Tra gli avversari dell’istruzione obbligatoria era anche la Chiesa cattolica, la quale vedeva nella famiglia l’unica agenzia deputata all’educazione dei minori, sotto la guida, naturalmente, dell’insegnamento cattolico. L’obbligo scolastico era dunque percepito dalle gerarchie ecclesiastiche come una vera e propria iattura; un male da impedire a ogni costo.
Ecco perché, con una lettera del 3 gennaio 1870, papa Pio IX esortò Vittorio Emanuele II ad «allontanare un altro flagello, e cioè una legge progettata per quanto si dice, relativa alla istruzzione [sic] obbligatoria. Questa legge parmi ordinata ad abbattere totalmente le Scuole cattoliche e soprattutto i Seminari. Oh quanto è fiera la guerra che si fa alla religione di Gesù Cristo. Spero dunque che la M. V. farà sì che in questa parte almeno, la Chiesa sia risparmiata. Faccia quello che può, Maestà, e vedrà che Iddio avrà pietà di Lei» (E. De Fort, 1979, Storia della scuola elementare in Italia. Dall’Unità all’età giolittiana, Feltrinelli, Milano, p. 80).

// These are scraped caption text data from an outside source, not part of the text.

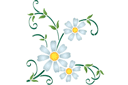 Schablonen für Blumen zeichnen - Motiv mit Kamille 43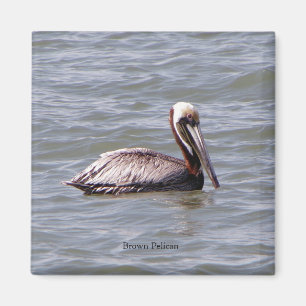 Brown Pelican magnet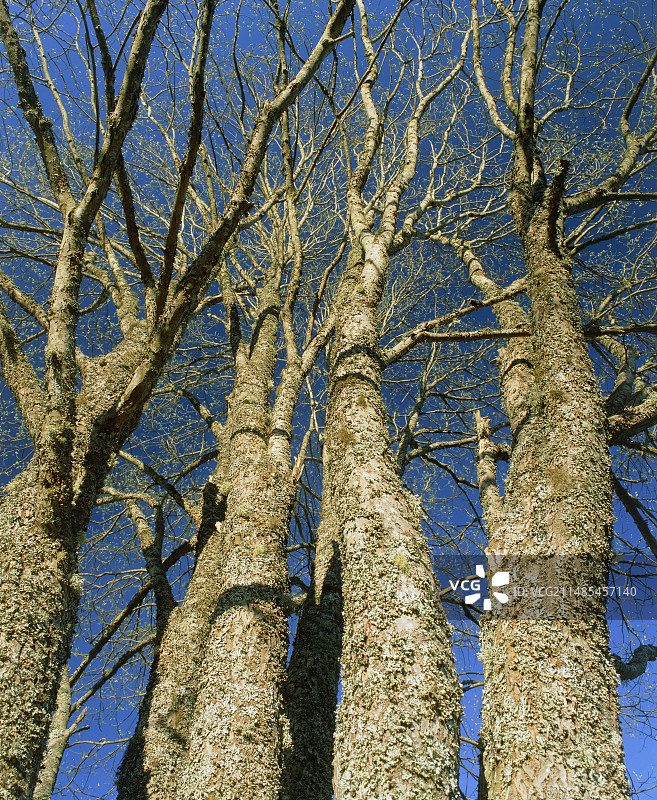 山羊柳图片素材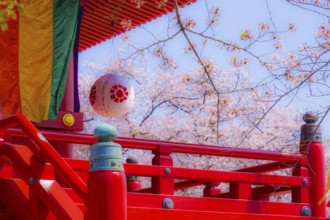 Takamichi mountain of Sakura (Yokohama City, Kanagawa Prefecture). Shooting Location: Yokohama-city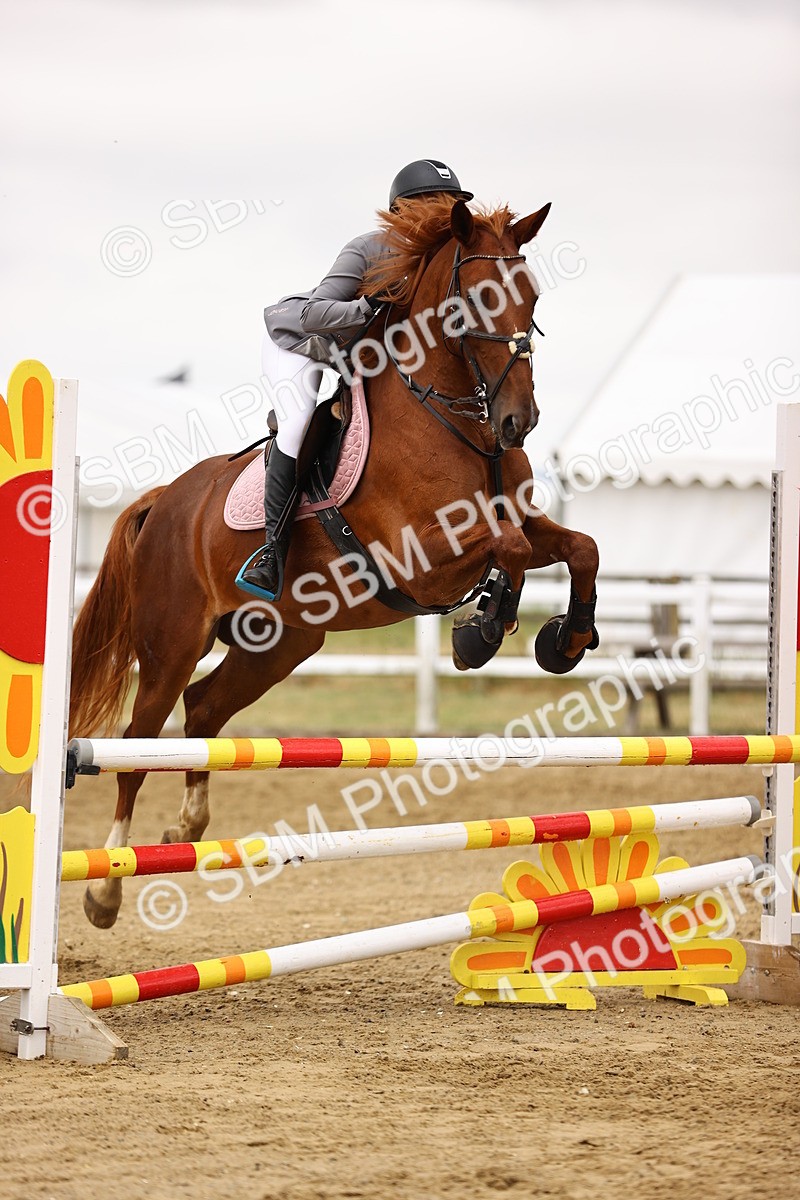 SBM_024788 - Class 9 - Senior British Novice - 90cm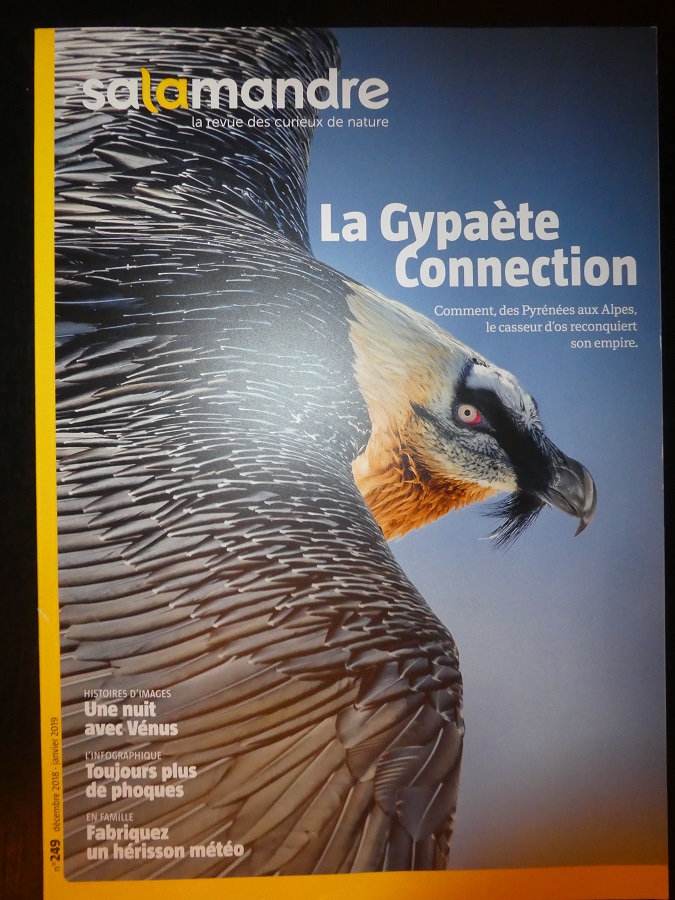 P1340733.JPG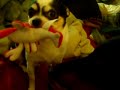 dont tease a doberman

Oggi un papa che prega un sovrano di impedire l’istruzione dei propri cittadini ci fa sicuramente inorridire. Eppure, in pochi ricordano che la Chiesa rappresentò per lo Stato italiano una enorme pietra di inciampo nel cammino verso la civiltà e la laicità. È per questo motivo che mi piace ricordare la lettera di Pio IX: affinché non dimentichiamo che la laicità è una conquista da difendere a tutti i costi, anche nella “scristianizzata” epoca contemporanea.